Kanye West talks Chicago with Trump, who has long used the city as an example of “American carnage”

Impact

President Donald Trump will meet with rapper Kanye West on Tuesday to discuss a variety of issues, including job opportunities in Chicago — the city Trump has long used as a rhetorical punching bag and whose gun violence he has proposed controversial solutions for.

West, a vocal Trump supporter, will reportedly discuss job opportunities for ex-convicts and manufacturing jobs in Chicago with Trump and his son-in-law, Jared Kushner.

The meeting comes a day after Trump, during an address to law enforcement officials, called for Chicago to implement a “stop and frisk” policy to address the city’s gun violence.

“We’re going to straighten it out, and we’re going to straighten it out fast,” Trump told a gathering of law enforcement officials in Orlando, Florida, adding he’d directed the Department of Justice to visit Chicago.

“Let’s see whether or not Chicago accepts help,” Trump said. “They need it.”

Trump has long used Chicago as a symbol of the “American carnage” plaguing U.S. cities he decried in his inaugural address in January 2017. That same month, he tweeted he’d “send in the Feds” to address gun violence there.

Chicago has long struggled with gun violence, with the city suffering 588 homicides in 2016 and 551 in 2017. As of Monday, 419 had been killed in Chicago so far in 2018, according to the Chicago Tribune.

Trump’s armchair violence solutions, however, have not been welcomed by the city.

In 2015, then-candidate Trump told the Tribune that Chicago police needed to get tougher to curb the violence. “You’re not going to stop it by being nice. You’re going to stop it by being one tough son of a bitch,” Trump said.

But according to a 2017 Justice Department report, Chicago police had been engaging in a “pattern or practice of using force, including deadly force, in violation of the Fourth Amendment of the Constitution.”

That investigation by then-Attorney General Loretta Lynch was launched in December 2015, following the police killing of black teenager Laquan McDonald. Jason Van Dyke, the Chicago police officer who shot and killed McDonald, was convicted Friday of second-degree murder and aggravated battery with a firearm.

Trump’s call for tougher policing in Chicago came Monday, just days after the Van Dyke verdict. He called for the city to implement a “stop-and-frisk” policy similar to the one Rudy Giuliani instituted as mayor of New York City, which has been criticized as racial profiling.

“It works, and it was meant for problems like Chicago,” Trump said.

Chicago Mayor Rahm Emanuel, whose decision not to run for re-election has been seen as a result of his handling of the McDonald shooting, rejected the president’s suggestion, saying such a policy would be “antithetical” to the city’s anti-violence initiatives.

“The failed policies he’s talking about have no place for a city that’s working together with communities about how to build not only trust, but a collaborative and cooperative relationship,” Emanuel said at an event Monday. “The idea of what President Trump’s talking about is not only not welcome, it’s antithetical to what we’re working on.
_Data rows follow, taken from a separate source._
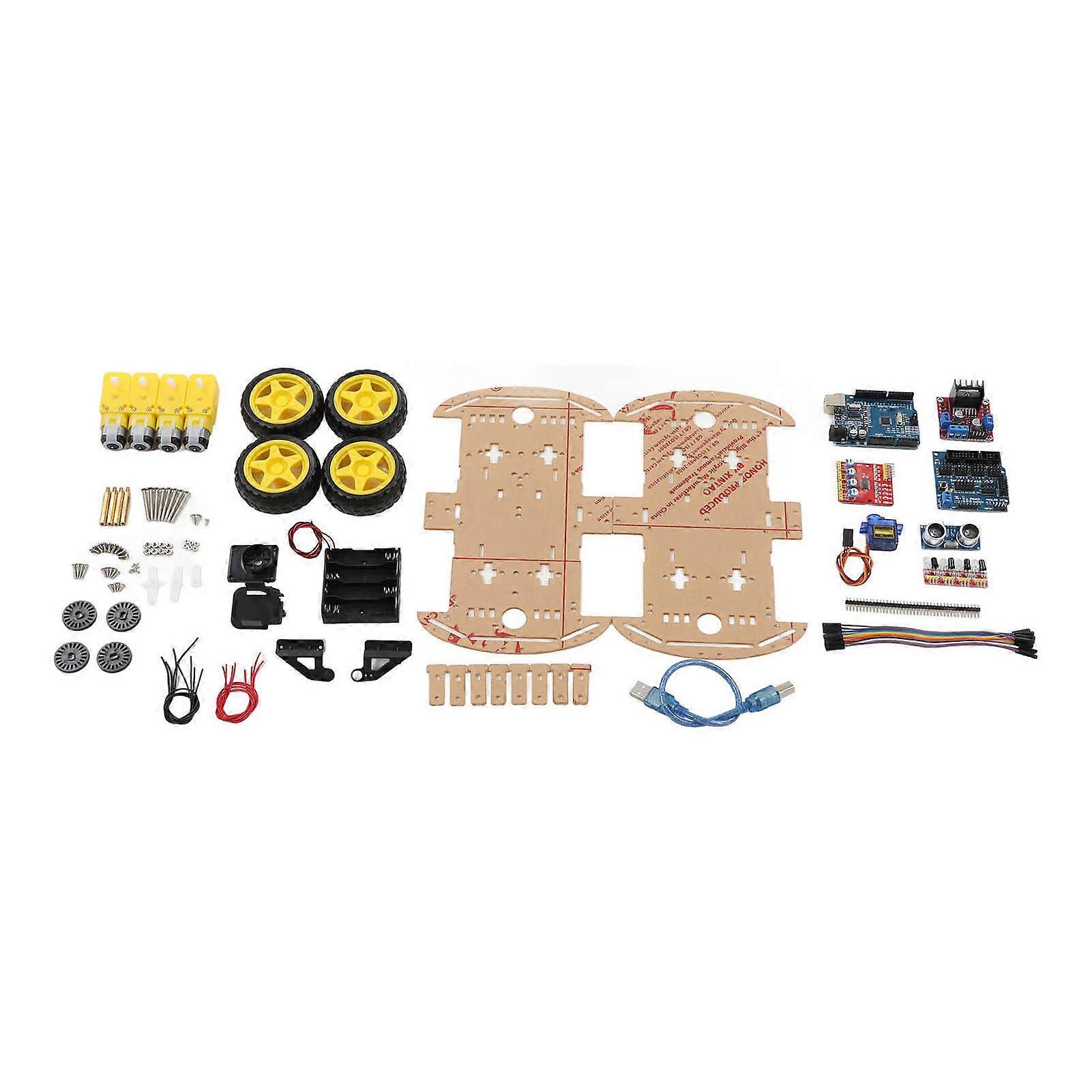 Smart 4WD Robot Car Chassis Kit PCB Tracking Motor DIY Platform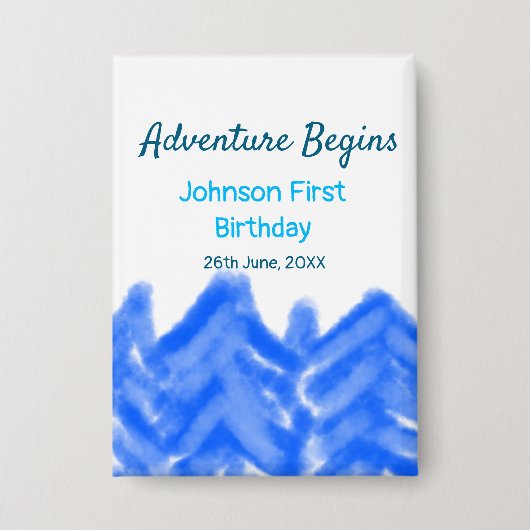 Aqua blue Adventure begint 1e verjaardag berg d Button (Voorkant)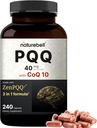 NatureBell PQQ 40mg Per Serving with CoQ10, 240 Capsules | Active Pyrroloquinoline Quinone, Highly Bioavailable ZenPQQ+ Formula – Promotes Heart, Brain, & Mitochondrial Health – Non-GMO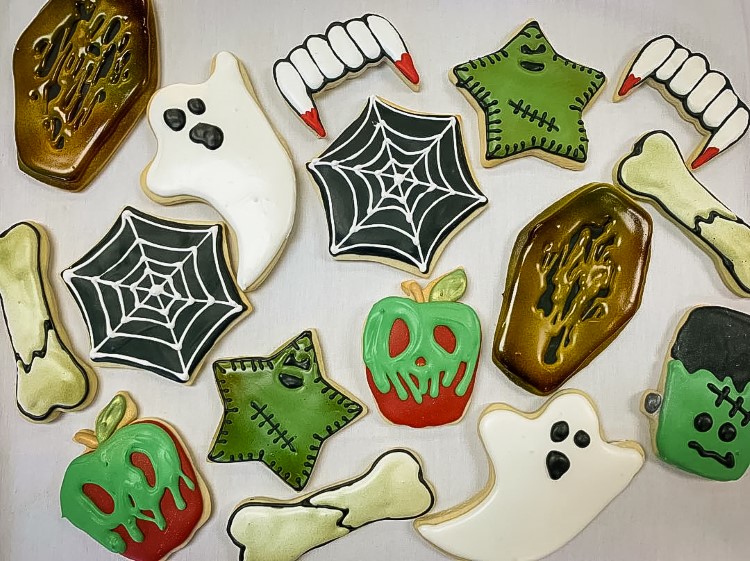 Some of Schooley's more detailed work with holiday-themed cookies.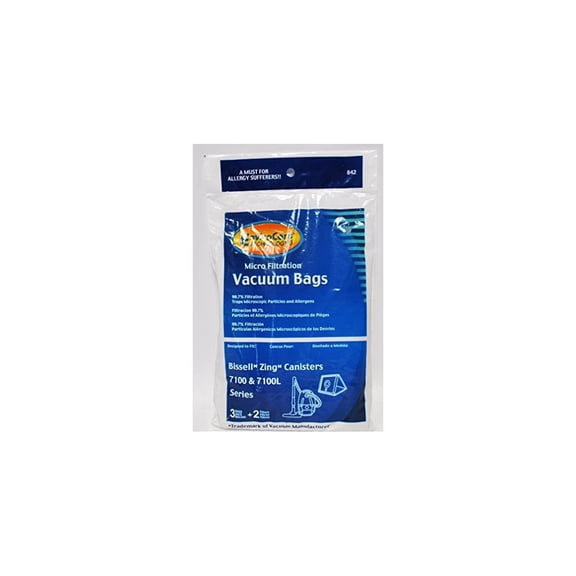 envirocare replacement micro filtration vacuum bags for bissell zing 7100 and 7100l series canisters 3 pack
And that is about a strong proactive professional police department.”

West, who was born in Atlanta but raised in Chicago, is expected to meet first with Kushner, a senior adviser to the president. He is then expected to have lunch with Trump, whom he has unabashedly supported in social media posts and bizarre public appearances.

Manufacturing jobs in Chicago are among the topics the rapper is expected to discuss with Kushner and Trump. Violence in the city has been linked in studies to lack of economic opportunity.